## Exercise prompt
Once you reach the line with "Sleek monochrome Logo-Labels Etiketten", transcribe it and every line after it to the end of the records, exactly, but not the pictures.

[Start of Attachment]

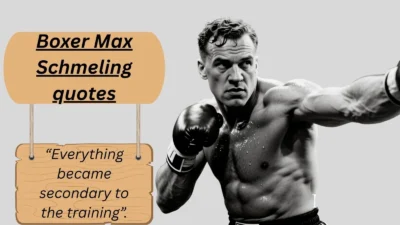 boxer Max Schmeling quotes on success discipline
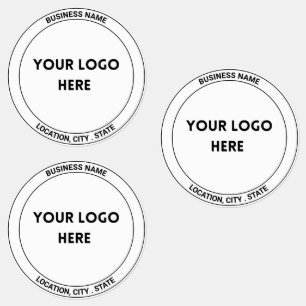 Sleek monochrome Logo-Labels Etiketten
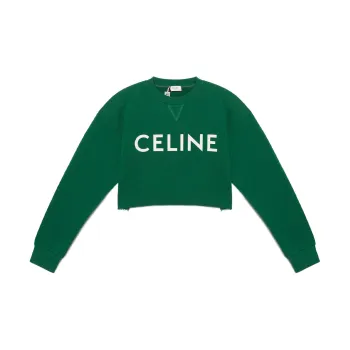 CELINE FW22 Sweatshirt Women's Dark Green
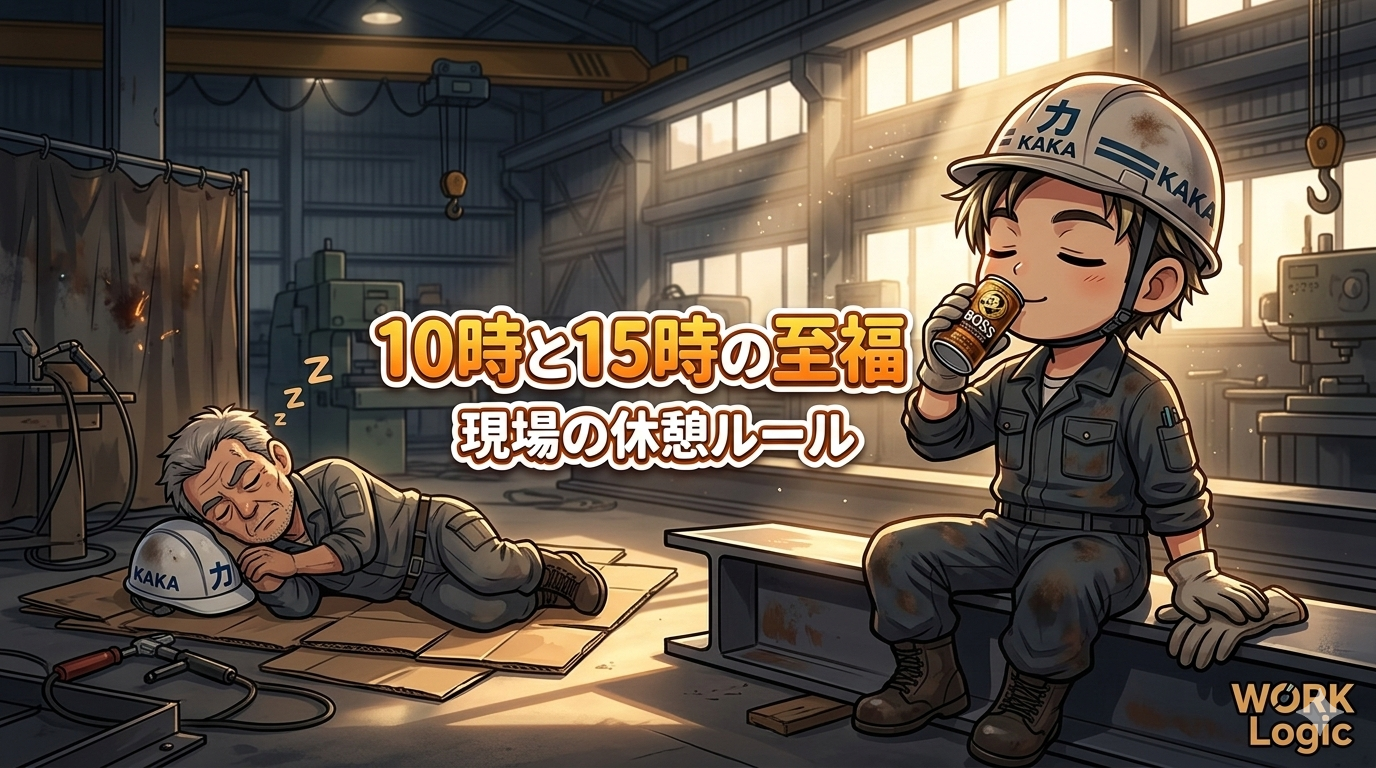 【現場の謎ルール】なぜ10時と15時に休むの？NC旋盤から転職して驚いた「一斉休憩」と「段ボール昼寝」の至福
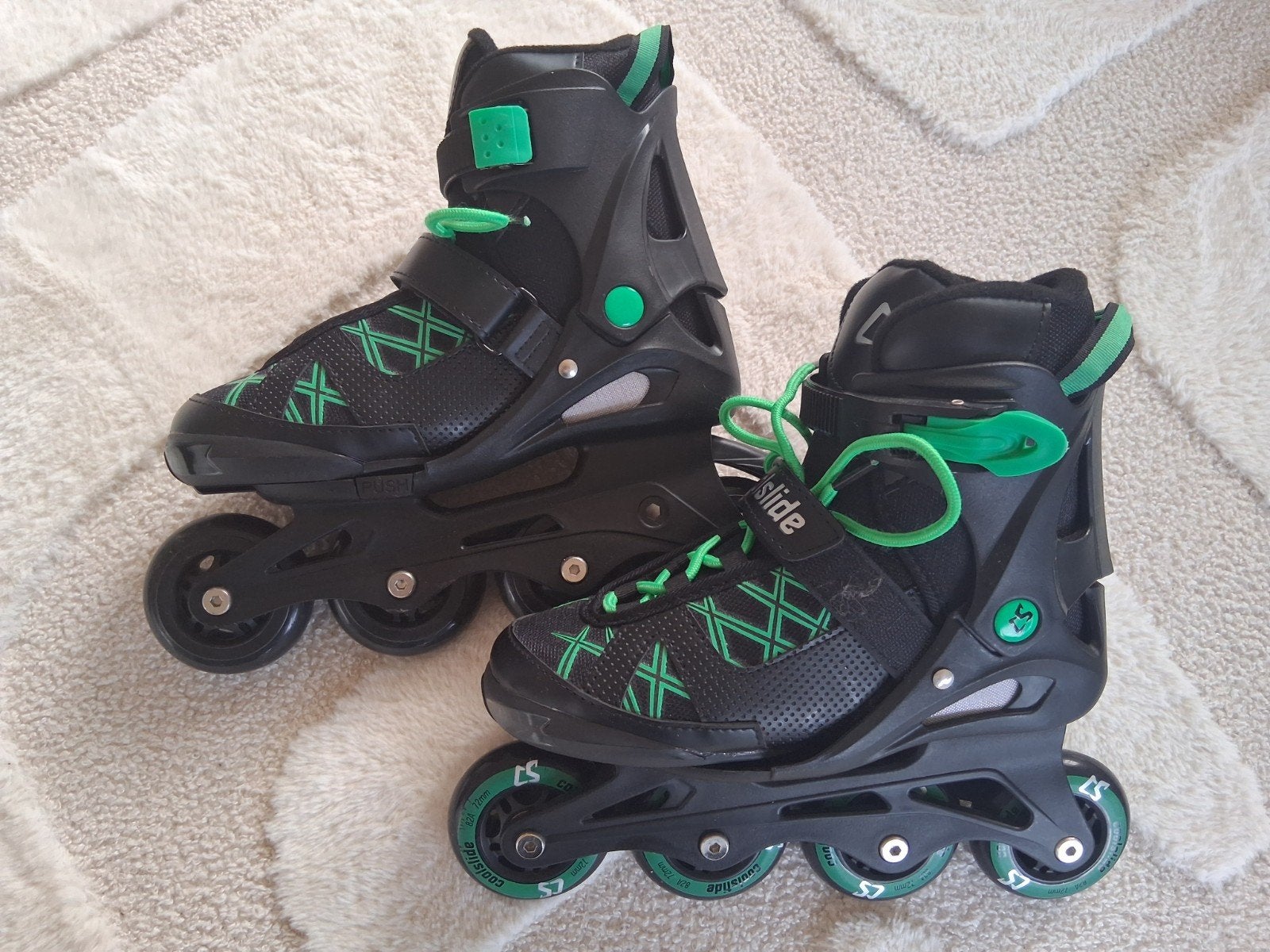 Inline skates (maat 32-35) met beschermers, Overige merken, Verstelbaar, Kinderen, Ophalen of Verzenden
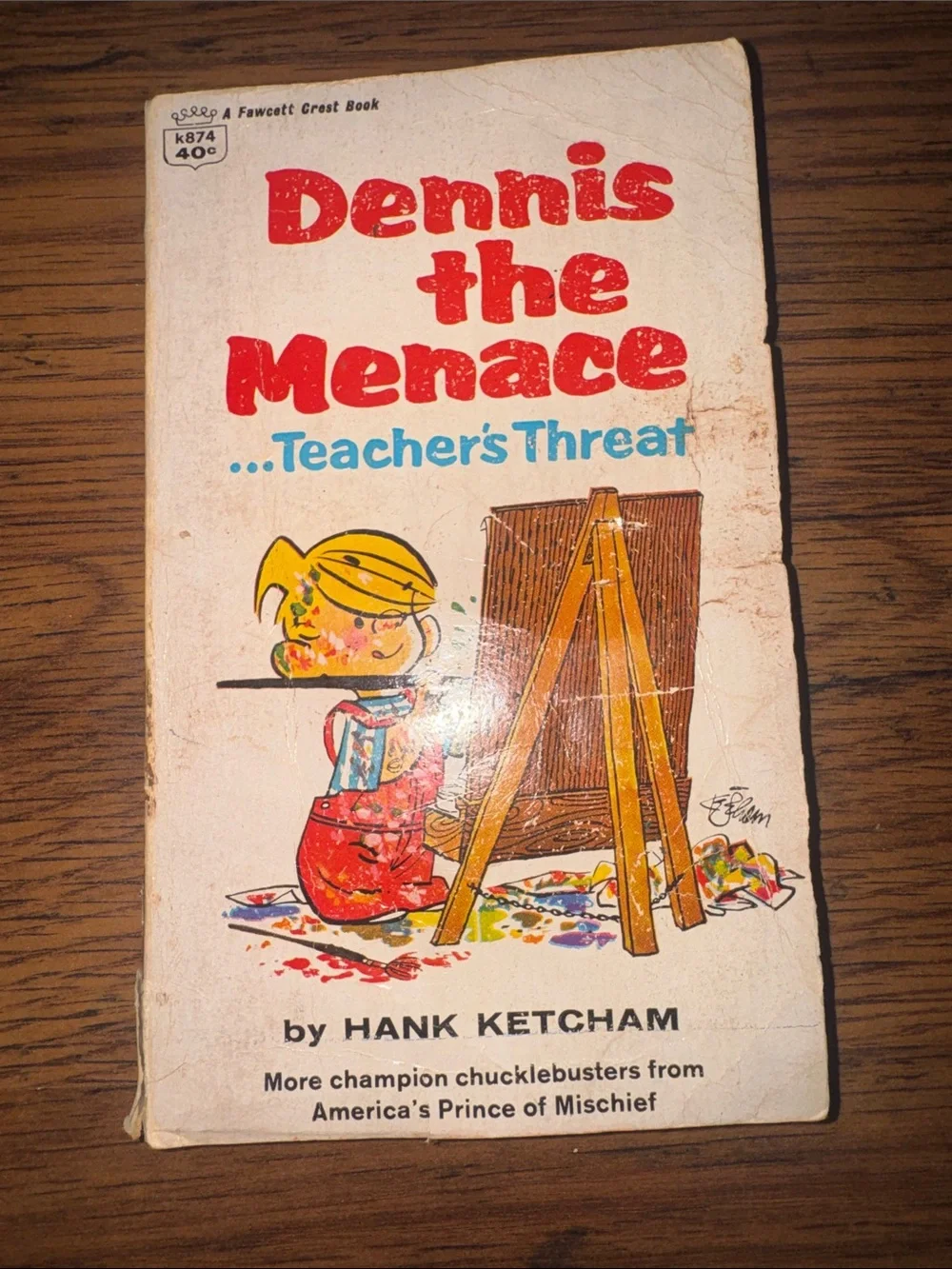 Dennis the Menace Teacher's Threat Book C1.Bk.L.80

[End of Attachment]

## Exercise answer
 Sleek monochrome Logo-Labels Etiketten
 CELINE FW22 Sweatshirt Women's Dark Green
 【現場の謎ルール】なぜ10時と15時に休むの？NC旋盤から転職して驚いた「一斉休憩」と「段ボール昼寝」の至福
 Inline skates (maat 32-35) met beschermers, Overige merken, Verstelbaar, Kinderen, Ophalen of Verzenden
 Dennis the Menace Teacher's Threat Book C1.Bk.L.80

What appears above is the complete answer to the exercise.